COCHRAN: Write that down. (laughter) We might bring her back or we might not. We just don’t know yet.
With that actress signing for the L Word if she was originally intended to be a villainess this season?
COCHRAN: No we hadn’t planned but, you know, well honestly we just don’t plan that kind of thing out very far ahead.
Is the future of 24 Hours combined with Jack Bauer’s presence or could you imagine a 24 hours without him?
SURNOW: I think the format would work without Jack. I just don’t think it would be as good. Clearly, there’s something to be said about doing a suspense story in 24 hours, that you could conceivably do that with a lot of people. But I don’t think there are many actors who create as much tension just by his very presence, as Kiefer. And that’s the collaboration that sort of works so wonderfully for us. So, who’s to say what the future holds? But we’re both happy with each other, Kiefer and us. And we plan on continuing together.
How much debate between you goes when you decide to kill off one of your central characters?
COCHRAN: We think about it a lot, you know, talk about it back and forth. And we don’t have any rules about it. If we think-unfortunately we find, that over the last three seasons, to have an impact, the character you kill has to have made an impression. We find ourselves killing our best characters, in a sense. Because to kill a character nobody cares about has no impact. I don’t want to call it a trap but that’s something that we end up doing sometimes. Killing characters that we really, really like. For instance, the character of George Mason, who we started out as a minor character in the pilot. We brought him back, started to really, really like him. And by year two, we love the character and of course, he’s a terrific actor, but that’s what gave us the notion of having him be the one who is exposed to the radiation.
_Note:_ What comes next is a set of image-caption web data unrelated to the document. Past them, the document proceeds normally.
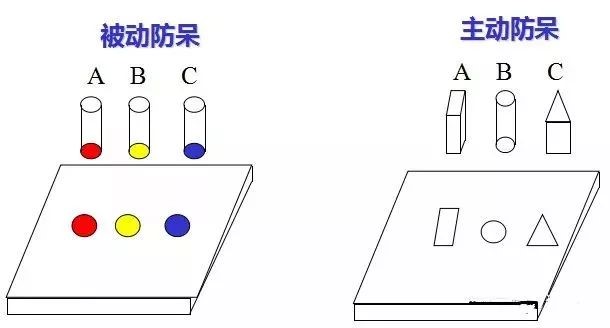 做模具：設(shè)計(jì)“防呆”是什么？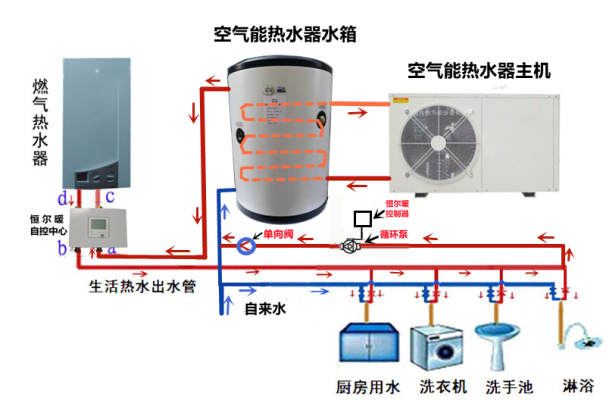 赤峰供熱機(jī)組電話多少號(hào)-第1張圖片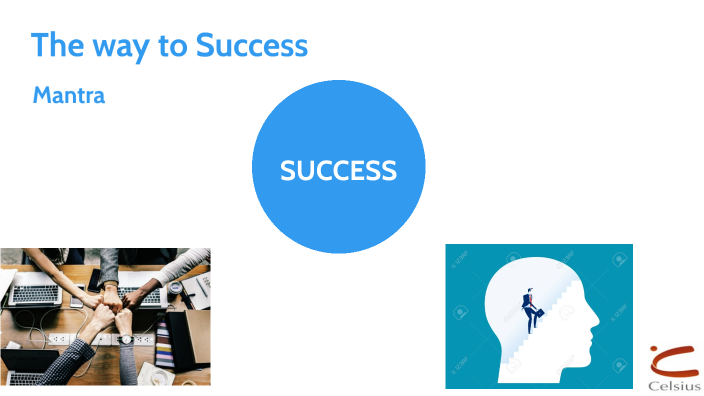 The way to Success by NITIN SAXENA on Prezi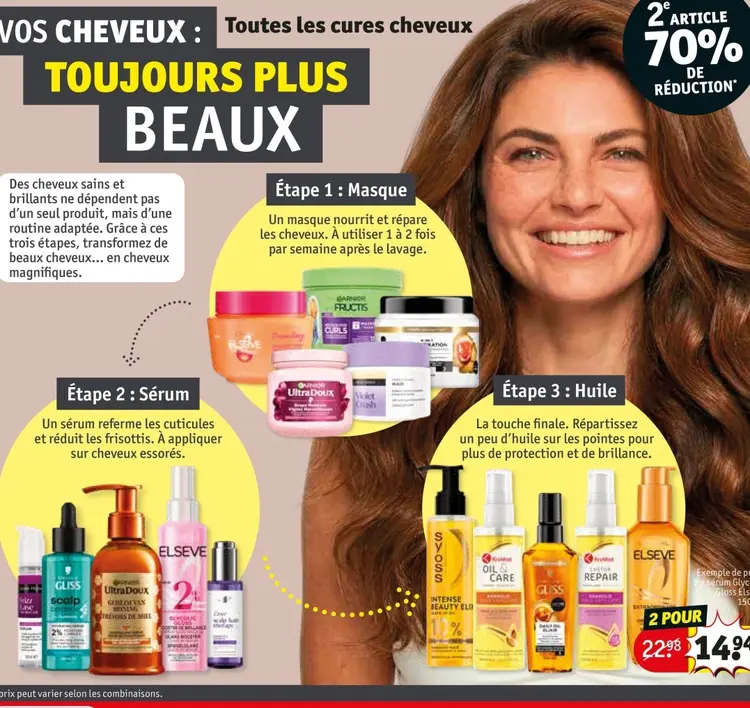 Offre: Toutes les cures cheveaux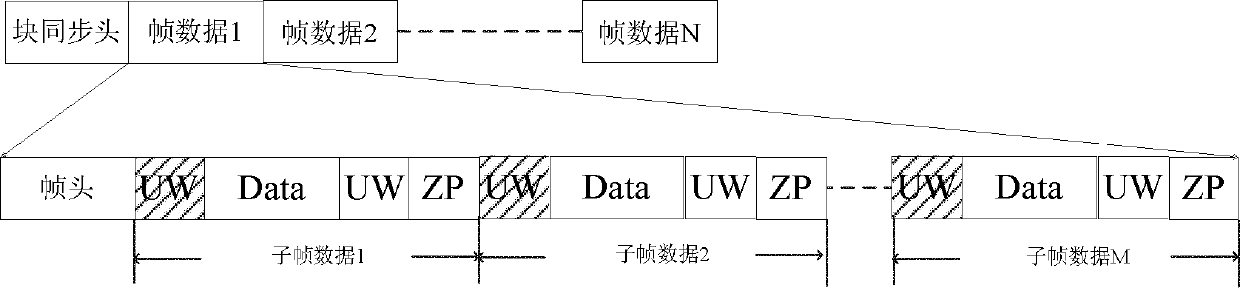 Processing method for channel self-adaptation single carrier underwater acoustic coherent communication signals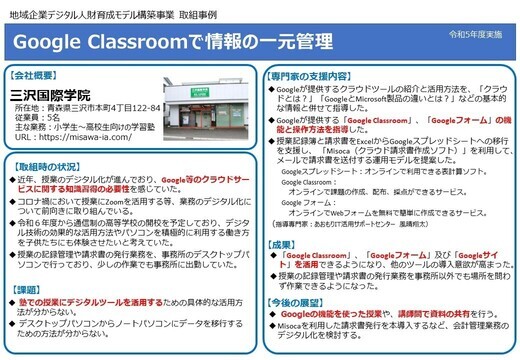 三沢国際学院　取組事例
Because we loved him as an actor and so we knew we’d miss him. Those are the only kinds of guys you can kill off that have any impact. If you kill somebody off that nobody cares about, then nobody cares.
GORDON: It’s becoming a badge of honor, how you exit the series.
COCHRAN: Yeah. (laughs)
How do write the news to the minute and what stage do you have to tell them?
COCHRAN: Well, we tell them before the script goes out.
GORDON: Didn’t we mess up once? I think it happened…
SURNOW: I did.
GORDON: Oh, Joel did.
SURNOW: Yeah. I thought Xander, who played George Mason, had already known that his character was dying and I said something to him, “Yeah, I mean, it’s really a great scene where you go down with the plane.” And he goes, “What scene?” (laughter) “What plane?” “Call my agent.”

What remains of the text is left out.